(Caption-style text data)
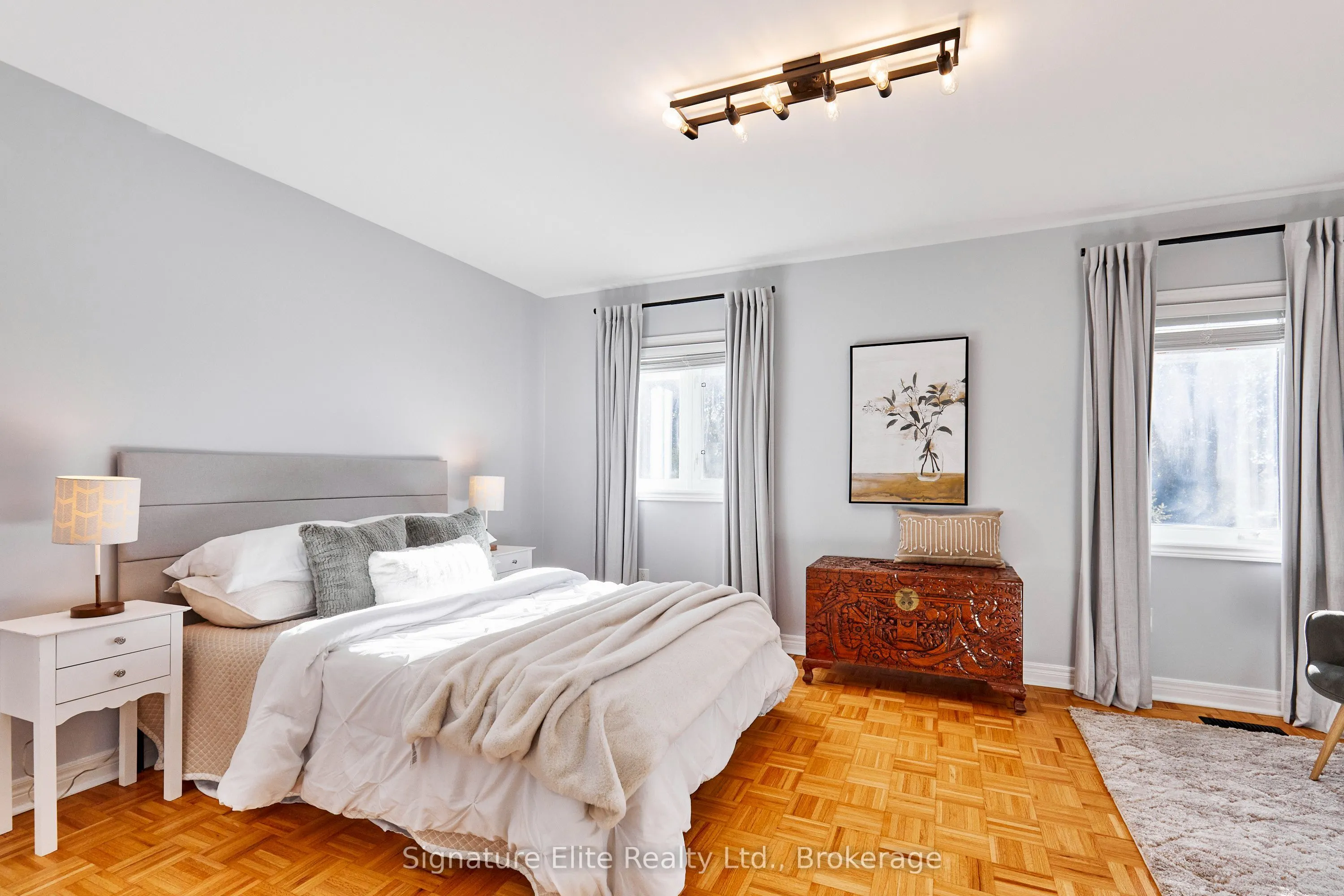 76 Brinloor Boulevard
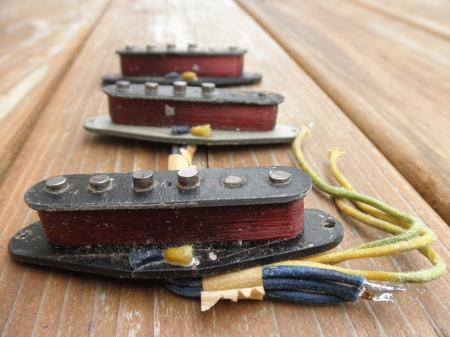 1967 ORIG FENDER STRATOCASTER PICKUPS (3)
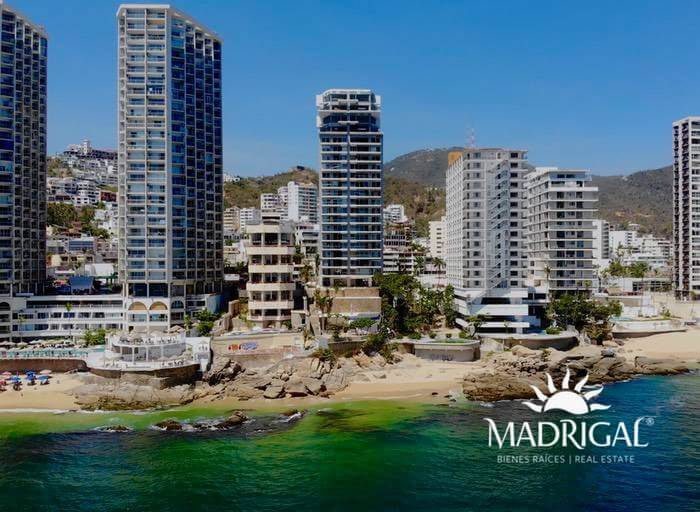 Baja de Precio! Departamento en venta en Portomare, en la bahía de Acapulco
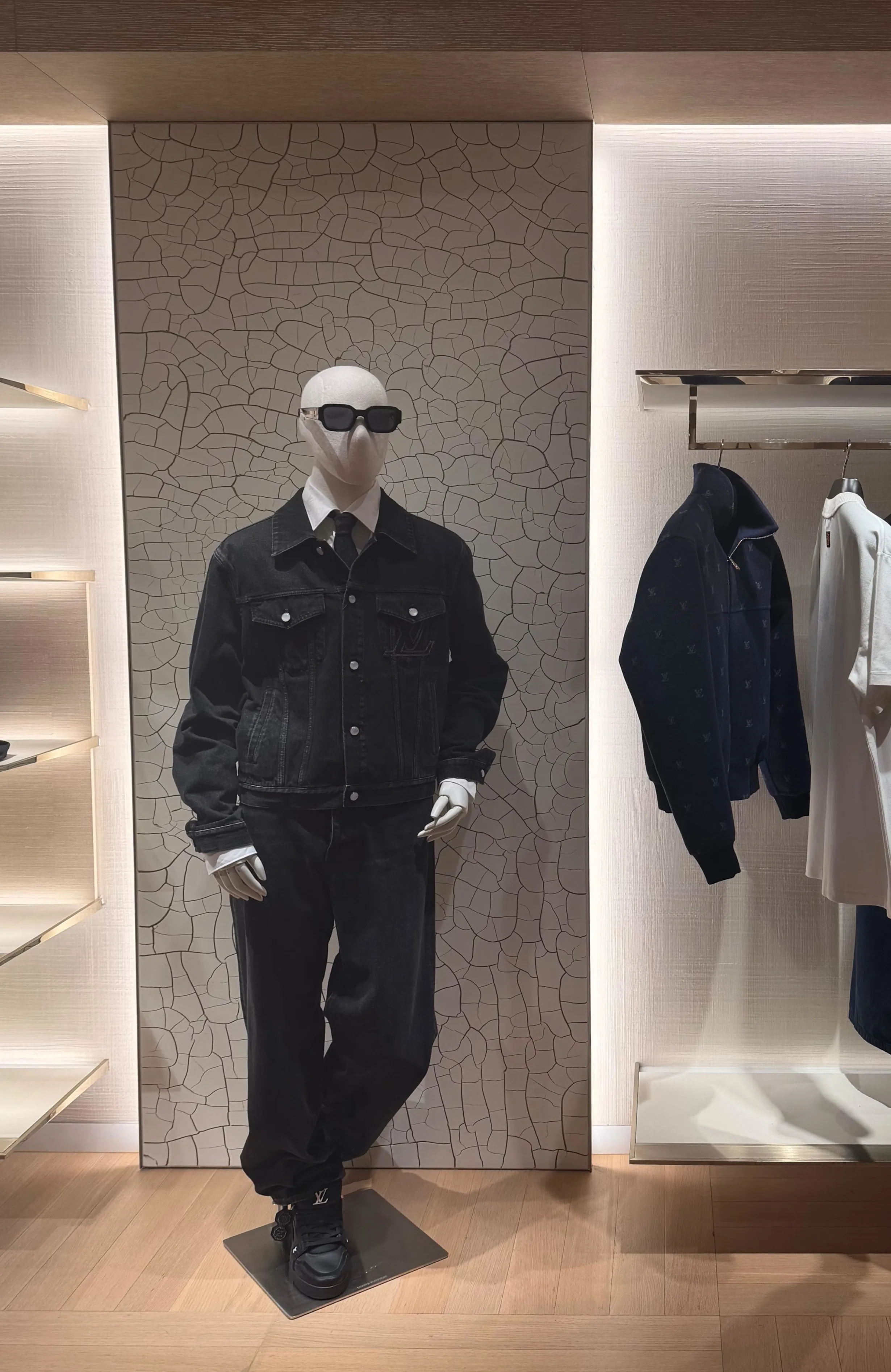 Craquelé Wandgestaltung — Exklusive Boutique Kuala Lumpur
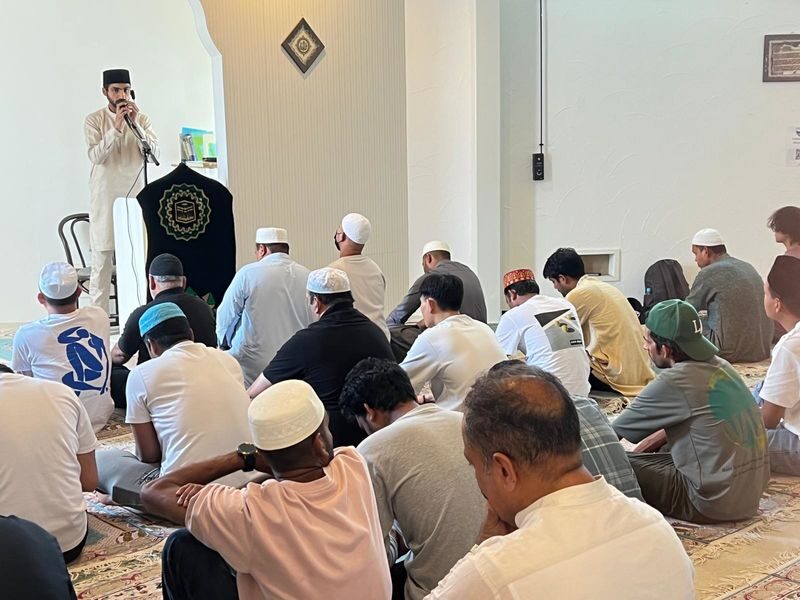 Muslim Friendly Mt. Fuji Day Tour with Halal Lunch & Prayer Time - Twin Terrace or a volcanic cave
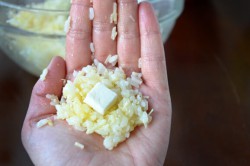 Příprava receptu Rýžové kuličky plněné mozzarellou, krok 1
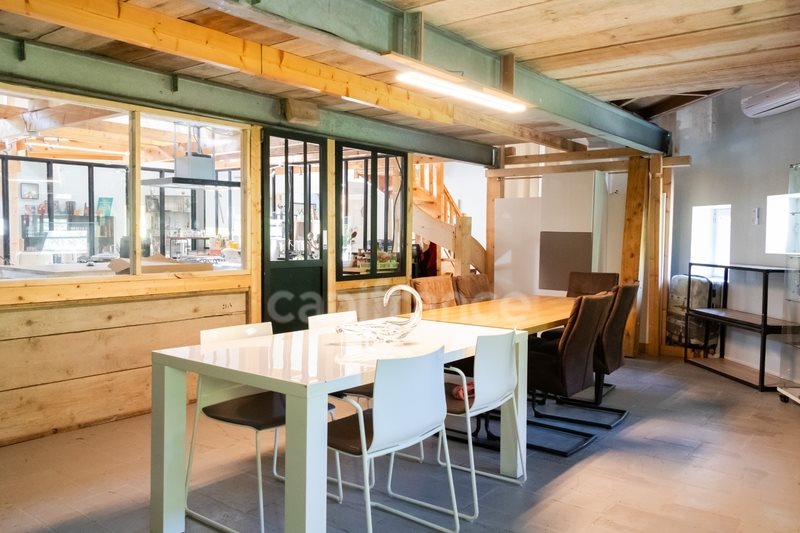 Maison à vendre, 267m², Saint-Cassin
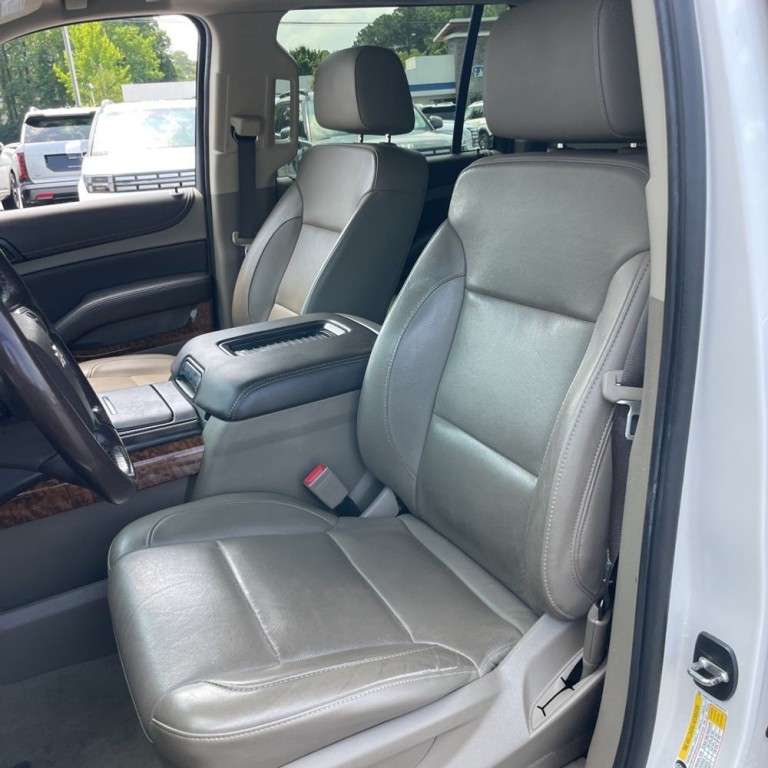 2018 Chevrolet Suburban Image 7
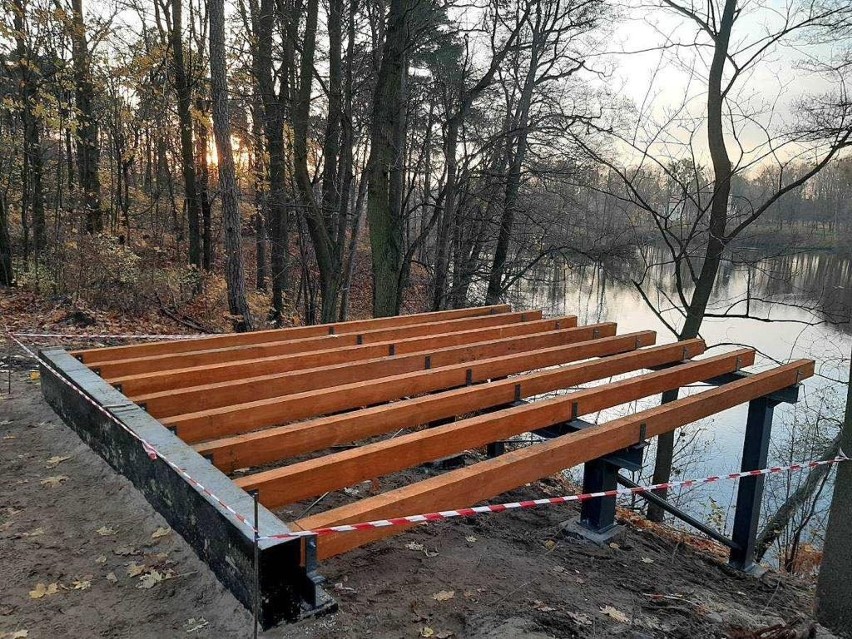 Nowy taras widokowy nad zalewem w Lisowicach. Niedługo będzie można z niego korzystać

» Assignment:
Nothing but an exact copy of the data, without pictures, should be returned.

» Response area:
 76 Brinloor Boulevard
 1967 ORIG FENDER STRATOCASTER PICKUPS (3)
 Baja de Precio! Departamento en venta en Portomare, en la bahía de Acapulco
 Craquelé Wandgestaltung — Exklusive Boutique Kuala Lumpur
 Muslim Friendly Mt. Fuji Day Tour with Halal Lunch & Prayer Time - Twin Terrace or a volcanic cave
 Příprava receptu Rýžové kuličky plněné mozzarellou, krok 1
 Maison à vendre, 267m², Saint-Cassin
 2018 Chevrolet Suburban Image 7
 Nowy taras widokowy nad zalewem w Lisowicach. Niedługo będzie można z niego korzystać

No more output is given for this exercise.